▸ ASSIGNED TASK: I need the lines from the one holding "Fabhotel Starlight Inn" to the last line of the data below repeated exactly, both included, without pictures.
-------- DATA SUPPLIED --------
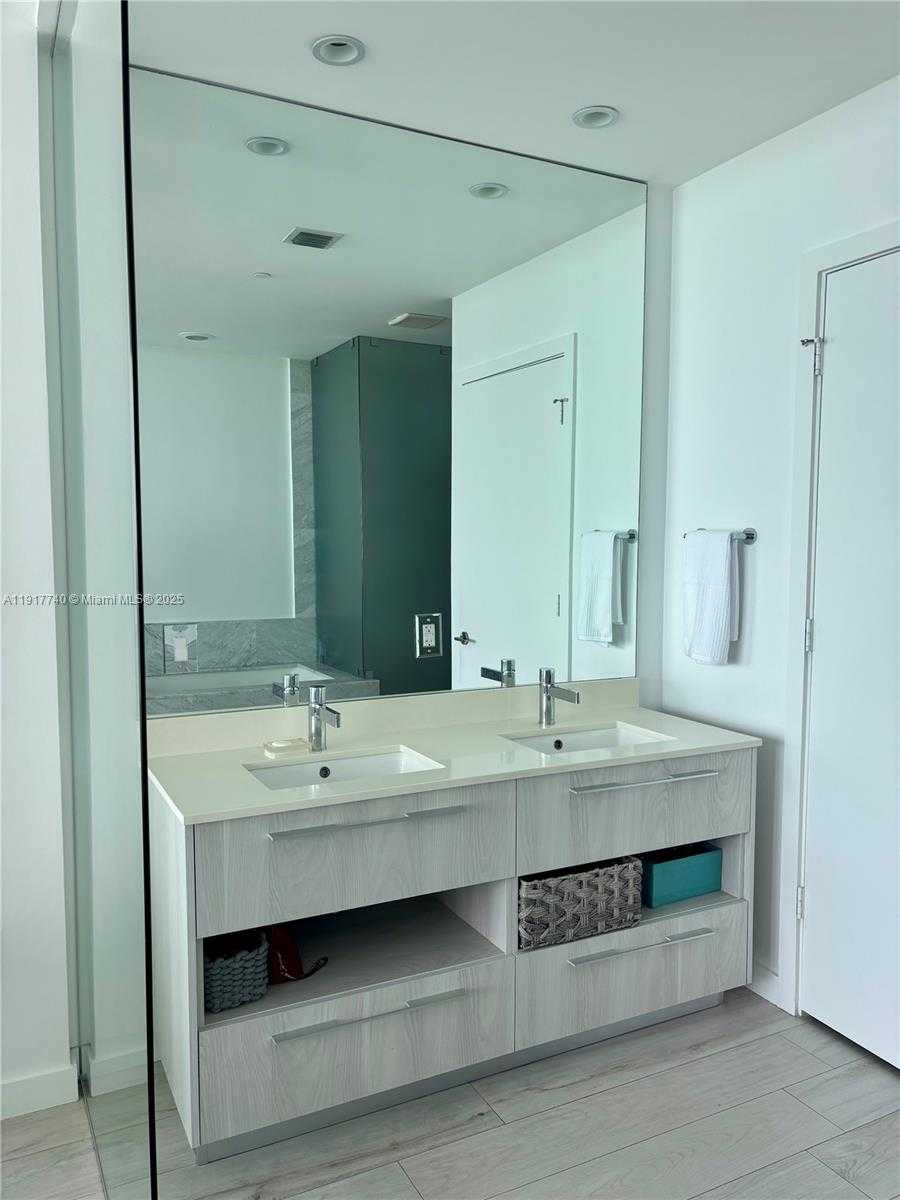 Small Image of 480 NORTH EAST 31ST ST #3105, Miami Number 19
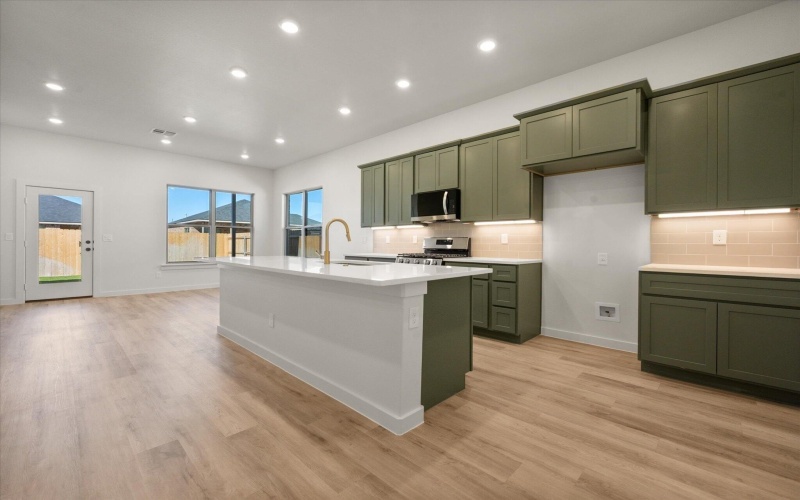 7004 16th Street, Lubbock, TX 79416, 4 Bedrooms Bedrooms, ,2 BathroomsBathrooms,Residential,For Sale,7004 16th Street,0,202561468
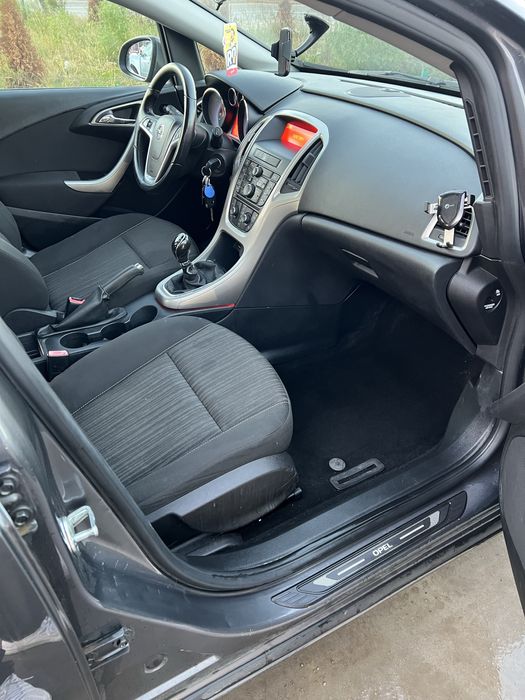 Opel  Astra J An 2012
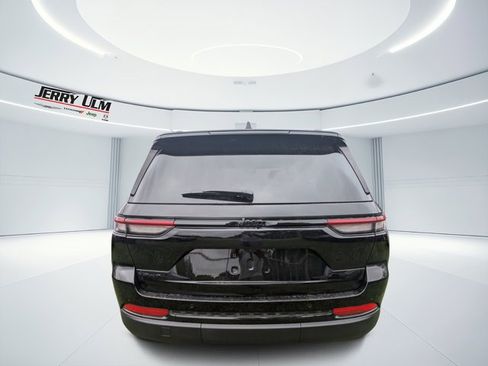 New 2025 Jeep Grand Cherokee Altitude image 4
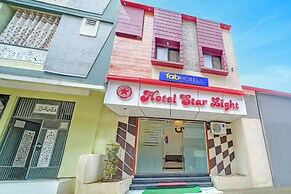 Fabhotel Starlight Inn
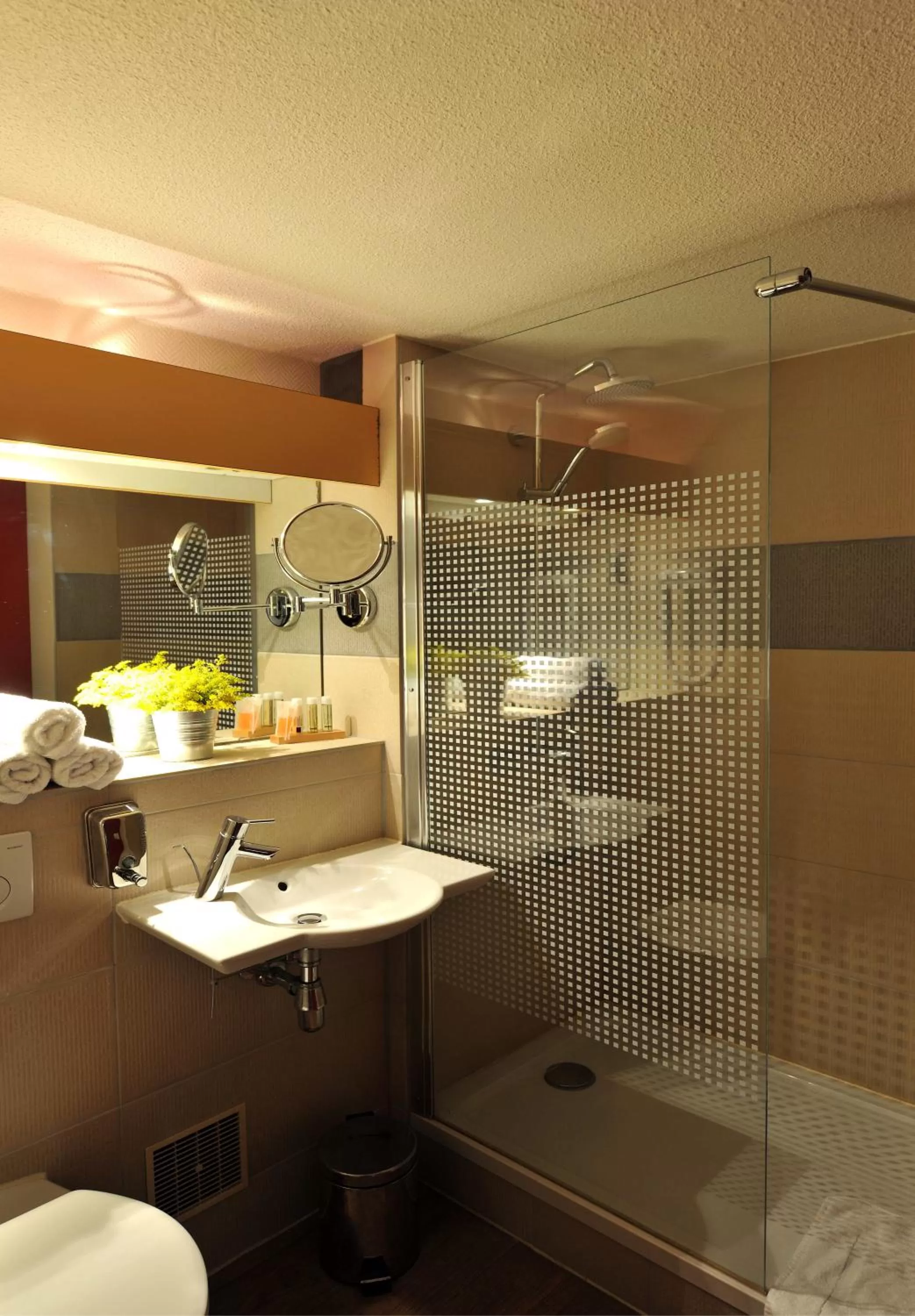 Bathroom in The Originals Annemasse Sud - Porte de Genève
--------
▸ WRITTEN SOLUTION:
 Fabhotel Starlight Inn
 Bathroom in The Originals Annemasse Sud - Porte de Genève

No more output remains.